Why is this? There are several reasons that come to mind: the work is difficult, poor horsemanship, injury, lack of commitment to an apprenticeship, too few horses in certain areas and so on. But I wonder how much of this can be cured by the education available to prospective farriers. Could another reason be that graduates need different horseshoeing skills?
I worked as a farrier for more than 40 years and ran a multifarrier practice for 3 decades. My personal experience with people whom I have hired and have been through different farrier schools is that they came to me with very minimal horseshoeing skills that I could use. In discussions with them about their schooling it became clear that they spent more time at school learning to make traditional handmade shoes than they did working on horses with modern machine-made shoes.
Most of the classes are too short to be able to learn anything thoroughly because of so much information being crammed in. Happily this is changing, as many are offering longer and advanced courses for the serious student.
I think the curriculum should be the same as when a master teaches an apprentice. The steps are:
Entry Level
- Be around horses without getting hurt or getting the horse hurt.
- Observing how an experienced professional does his work efficiently.
- Learning anatomy and physiology.
- Picking out feet and pulling shoes.
- Putting a finish on shoes, cutting pads, drilling, tapping and welding with a torch and electric welder.
- Clinching and finishing.
Intermediate Level
- Finishing nailing on shoes.
- Trimming feet.
- Resetting shoes.
Advanced Level
- Shaping shoes hot and cold.
- Nailing on shoes, clinching and finishing.
Graduate Level
- Forging handmade shoes.
I think more of a student’s time should be spent under a horse learning to trim feet, shape keg shoes, nailing, clinching and finishing. This means working on horse after horses until they are proficient with all of these techniques.
These are the skills they will need in the real world and that they have to sell to horse owners. Recent graduates are not going to be asked to shoe complicated cases where handmade shoes may be required. They will be asked to work on low-level horses. If it takes a farrier all day to shoe the front feet, most horses and clients start becoming concerned.
I’m sure that procuring horses is a major problem for schools for students to work on but these folks are paying premium prices and need more time under the horse. Also, if there are difficult horses, these are difficult conditions under which to learn.

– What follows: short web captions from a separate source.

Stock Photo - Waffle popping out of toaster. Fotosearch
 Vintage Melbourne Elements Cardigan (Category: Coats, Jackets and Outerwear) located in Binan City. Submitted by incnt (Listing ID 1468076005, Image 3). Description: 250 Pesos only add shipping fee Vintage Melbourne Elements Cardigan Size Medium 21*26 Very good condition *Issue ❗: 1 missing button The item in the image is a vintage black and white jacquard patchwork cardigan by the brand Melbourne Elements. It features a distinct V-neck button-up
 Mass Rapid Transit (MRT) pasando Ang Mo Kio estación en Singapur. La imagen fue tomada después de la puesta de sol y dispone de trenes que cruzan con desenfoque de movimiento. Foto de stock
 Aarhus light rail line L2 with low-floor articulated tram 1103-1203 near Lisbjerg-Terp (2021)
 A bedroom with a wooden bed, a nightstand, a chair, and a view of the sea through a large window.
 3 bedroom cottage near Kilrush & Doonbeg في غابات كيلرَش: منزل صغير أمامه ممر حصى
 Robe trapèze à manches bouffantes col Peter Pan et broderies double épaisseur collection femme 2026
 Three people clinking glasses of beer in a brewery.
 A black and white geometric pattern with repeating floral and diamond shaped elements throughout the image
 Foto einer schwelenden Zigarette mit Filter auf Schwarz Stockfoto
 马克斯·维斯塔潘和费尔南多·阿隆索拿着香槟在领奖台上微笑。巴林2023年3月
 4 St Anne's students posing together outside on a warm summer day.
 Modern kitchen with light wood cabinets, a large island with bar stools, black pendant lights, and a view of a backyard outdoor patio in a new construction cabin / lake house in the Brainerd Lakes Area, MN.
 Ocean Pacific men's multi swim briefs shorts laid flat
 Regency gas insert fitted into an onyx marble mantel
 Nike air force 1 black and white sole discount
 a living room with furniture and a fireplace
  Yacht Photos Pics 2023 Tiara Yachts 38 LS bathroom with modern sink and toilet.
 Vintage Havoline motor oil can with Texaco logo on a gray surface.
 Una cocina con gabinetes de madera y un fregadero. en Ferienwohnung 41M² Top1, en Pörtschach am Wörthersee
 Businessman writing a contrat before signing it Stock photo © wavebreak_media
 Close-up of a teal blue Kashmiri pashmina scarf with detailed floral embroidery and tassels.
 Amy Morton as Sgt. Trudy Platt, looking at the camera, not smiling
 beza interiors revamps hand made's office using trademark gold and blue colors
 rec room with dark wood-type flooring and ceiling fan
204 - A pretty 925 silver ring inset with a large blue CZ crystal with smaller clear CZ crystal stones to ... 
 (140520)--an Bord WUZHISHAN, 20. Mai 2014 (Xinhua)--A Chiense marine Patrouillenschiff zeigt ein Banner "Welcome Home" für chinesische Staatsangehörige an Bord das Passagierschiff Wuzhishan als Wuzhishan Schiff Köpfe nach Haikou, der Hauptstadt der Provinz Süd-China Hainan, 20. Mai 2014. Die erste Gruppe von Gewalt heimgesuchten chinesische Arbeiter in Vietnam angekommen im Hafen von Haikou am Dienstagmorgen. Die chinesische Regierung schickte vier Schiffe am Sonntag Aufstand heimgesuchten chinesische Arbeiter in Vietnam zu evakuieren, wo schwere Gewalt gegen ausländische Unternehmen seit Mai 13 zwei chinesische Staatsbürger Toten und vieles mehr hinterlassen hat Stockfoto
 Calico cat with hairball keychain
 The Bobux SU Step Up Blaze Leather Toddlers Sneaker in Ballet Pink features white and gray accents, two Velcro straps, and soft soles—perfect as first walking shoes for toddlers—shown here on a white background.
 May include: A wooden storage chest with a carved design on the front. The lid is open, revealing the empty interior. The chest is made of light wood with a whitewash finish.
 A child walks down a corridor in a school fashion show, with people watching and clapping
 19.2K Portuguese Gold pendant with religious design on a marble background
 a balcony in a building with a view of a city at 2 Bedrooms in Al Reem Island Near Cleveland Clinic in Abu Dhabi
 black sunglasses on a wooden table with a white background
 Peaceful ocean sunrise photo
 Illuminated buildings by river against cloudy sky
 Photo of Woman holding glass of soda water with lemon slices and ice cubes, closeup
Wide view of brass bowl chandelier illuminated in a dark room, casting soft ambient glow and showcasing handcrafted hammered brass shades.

Times are a changin’, and I think farrier schools need to change their curriculums to fit the real world that their students will face. Back in the old days before so many good manufactured shoes were available it made sense to have a heavy emphasis on forging because if you needed a specialty shoe your only recourse was to make it.
Today, that is not the case. Just about any shoe is a phone call away and can be in your hands the next day. They need to learn about all the good brands and styles of manufactured shoes and how to use each for a particular case. Today’s educators need to understand that this is what happens in the real world.
Knowing how to make a handmade shoe is a valuable skill and I’m not downplaying it’s importance. I am just saying that it needs to be learned later on in a young farrier’s career — similar to graduate school. I think today’s schools should look more to becoming horseshoeing schools rather than horseshoe-making schools.